### [Work item]
Wherever the line with "Ninelerimiz güzel tariflerini" sits in the listing below, transcribe from it up to and including the line with "Ellerinize sağlık 😋 https://t.co/CS6Ps0jBlT", exactly, and leave the remaining lines out.

### [Task material]

—————

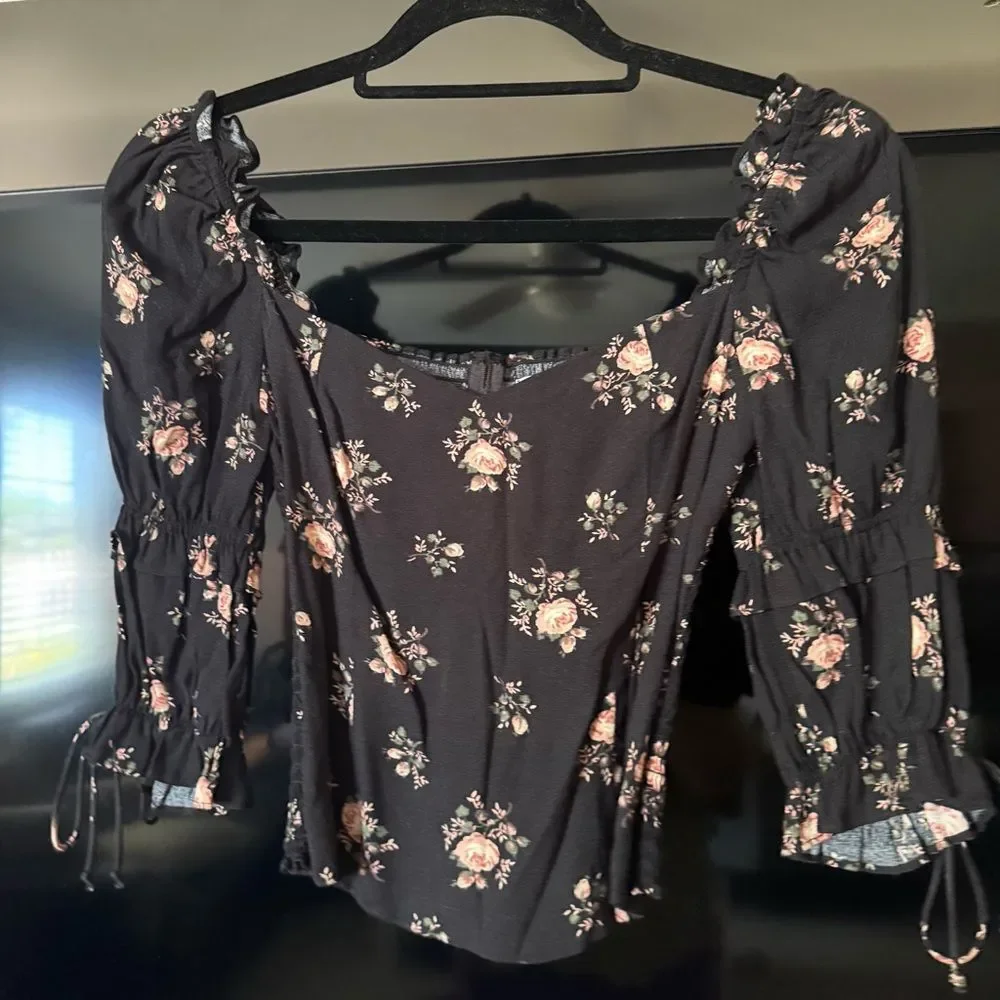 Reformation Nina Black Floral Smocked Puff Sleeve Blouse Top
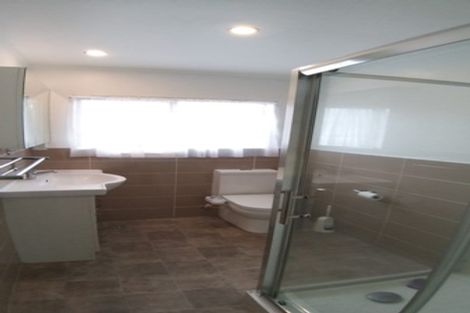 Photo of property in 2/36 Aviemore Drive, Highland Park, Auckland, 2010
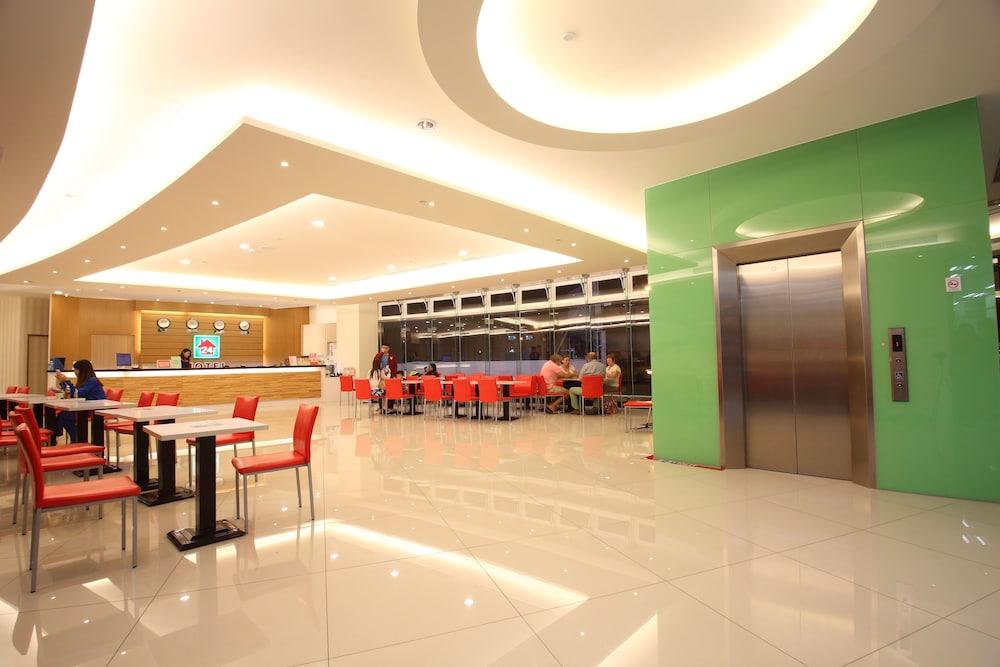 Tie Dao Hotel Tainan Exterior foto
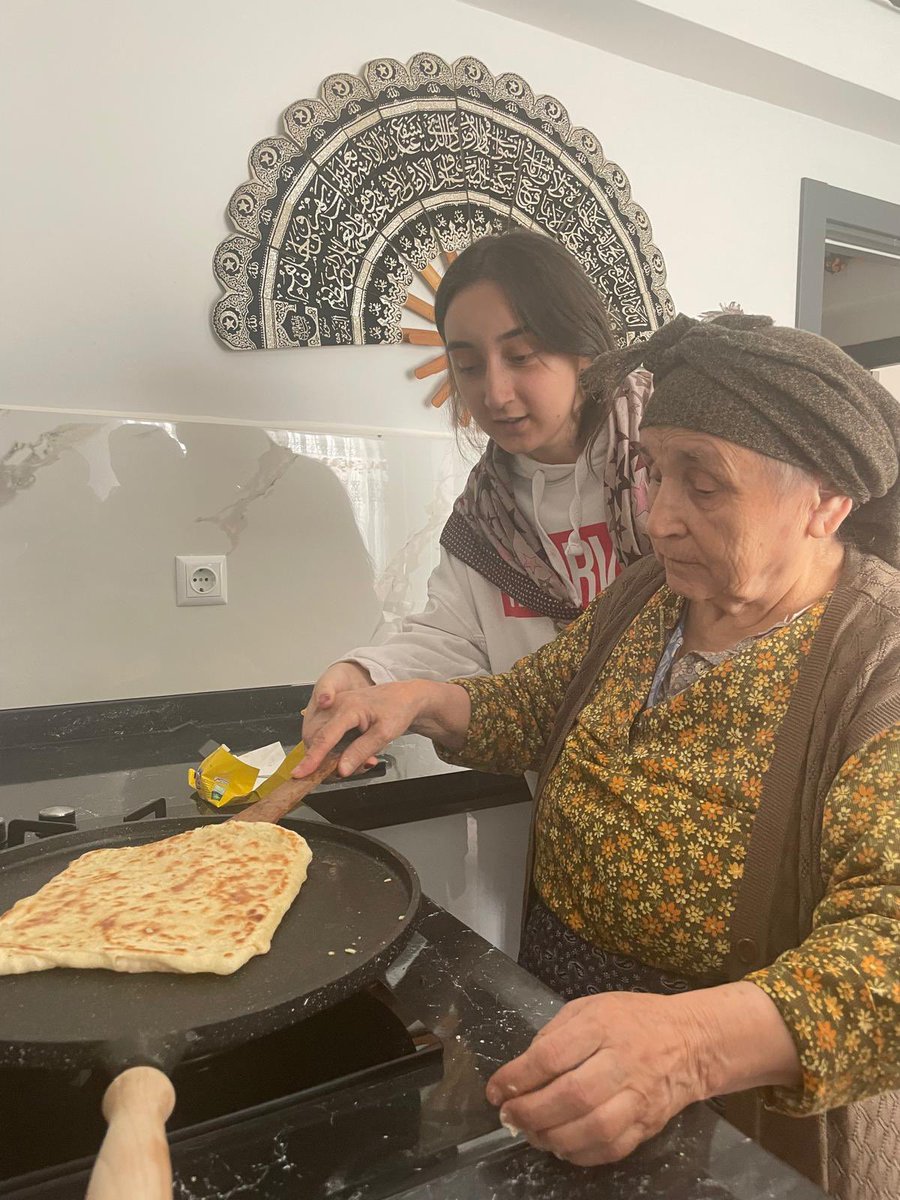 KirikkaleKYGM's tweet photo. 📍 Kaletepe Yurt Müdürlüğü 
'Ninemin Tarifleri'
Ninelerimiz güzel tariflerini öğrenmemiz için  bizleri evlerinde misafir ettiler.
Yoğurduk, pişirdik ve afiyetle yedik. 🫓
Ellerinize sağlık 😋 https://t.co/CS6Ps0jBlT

—————

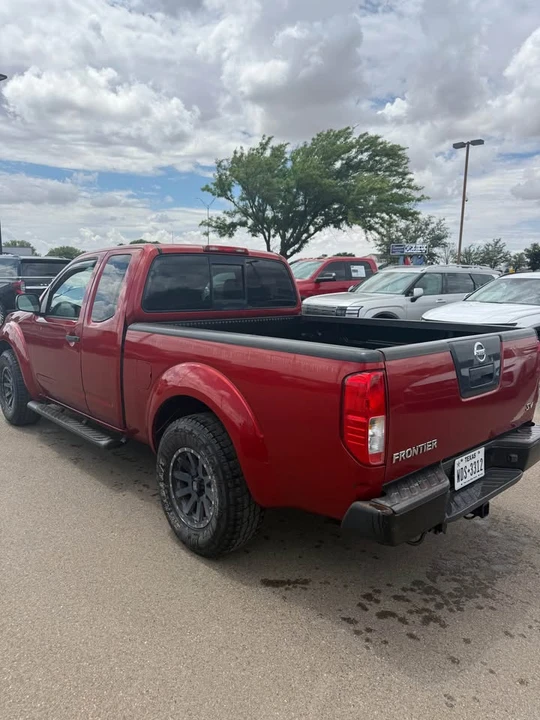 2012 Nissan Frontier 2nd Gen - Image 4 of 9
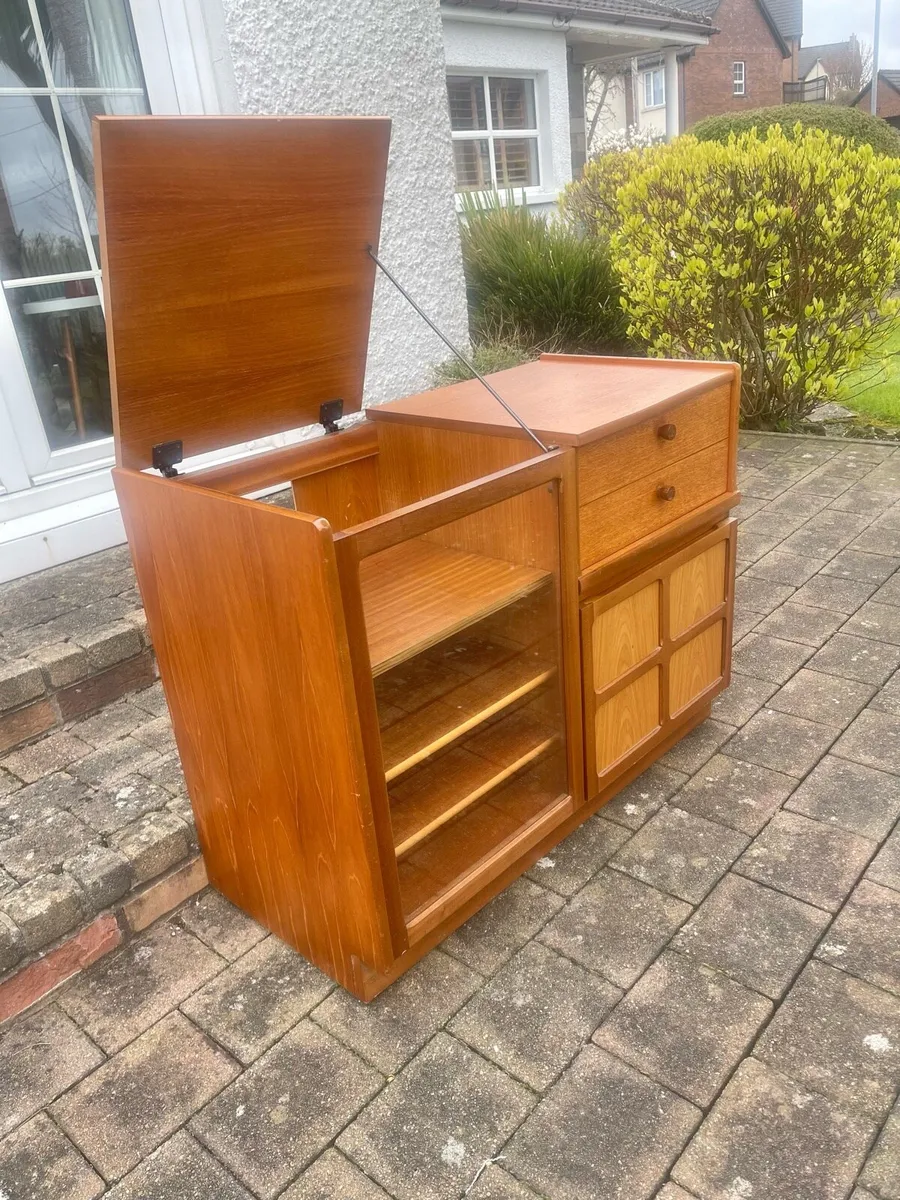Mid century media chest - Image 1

—————

### [Worked solution]
Ninelerimiz güzel tariflerini öğrenmemiz için  bizleri evlerinde misafir ettiler.
Yoğurduk, pişirdik ve afiyetle yedik. 🫓
Ellerinize sağlık 😋 https://t.co/CS6Ps0jBlT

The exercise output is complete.